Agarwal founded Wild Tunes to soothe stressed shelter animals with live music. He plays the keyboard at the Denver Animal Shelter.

--

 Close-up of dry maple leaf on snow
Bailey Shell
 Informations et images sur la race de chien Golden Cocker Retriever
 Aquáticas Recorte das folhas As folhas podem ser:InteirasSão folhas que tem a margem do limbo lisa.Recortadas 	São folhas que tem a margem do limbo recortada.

---

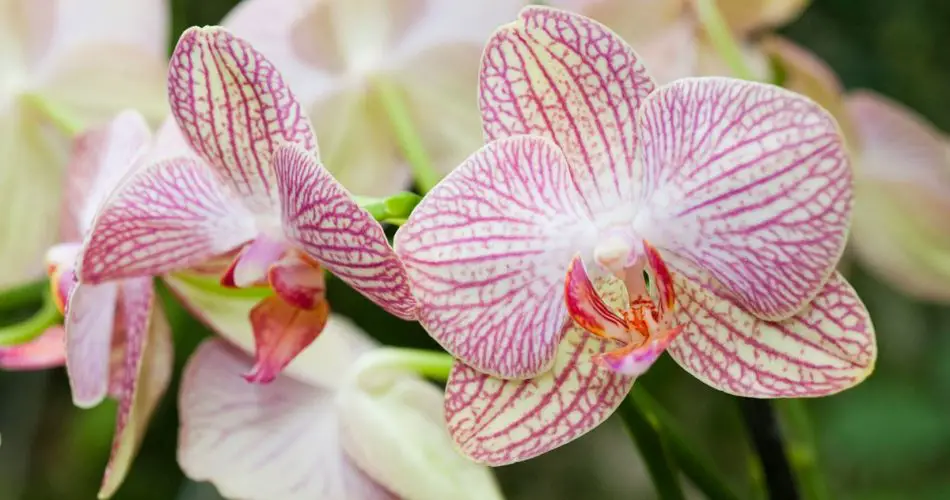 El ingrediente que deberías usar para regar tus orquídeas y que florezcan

__How to complete this task__
Nothing but the lines above from the one containing "Informations et images" through the one containing "Aquáticas Recorte das" should appear in the answer, each repeated exactly.

__Answer to this task__
 Informations et images sur la race de chien Golden Cocker Retriever
 Aquáticas Recorte das folhas As folhas podem ser:InteirasSão folhas que tem a margem do limbo lisa.Recortadas 	São folhas que tem a margem do limbo recortada.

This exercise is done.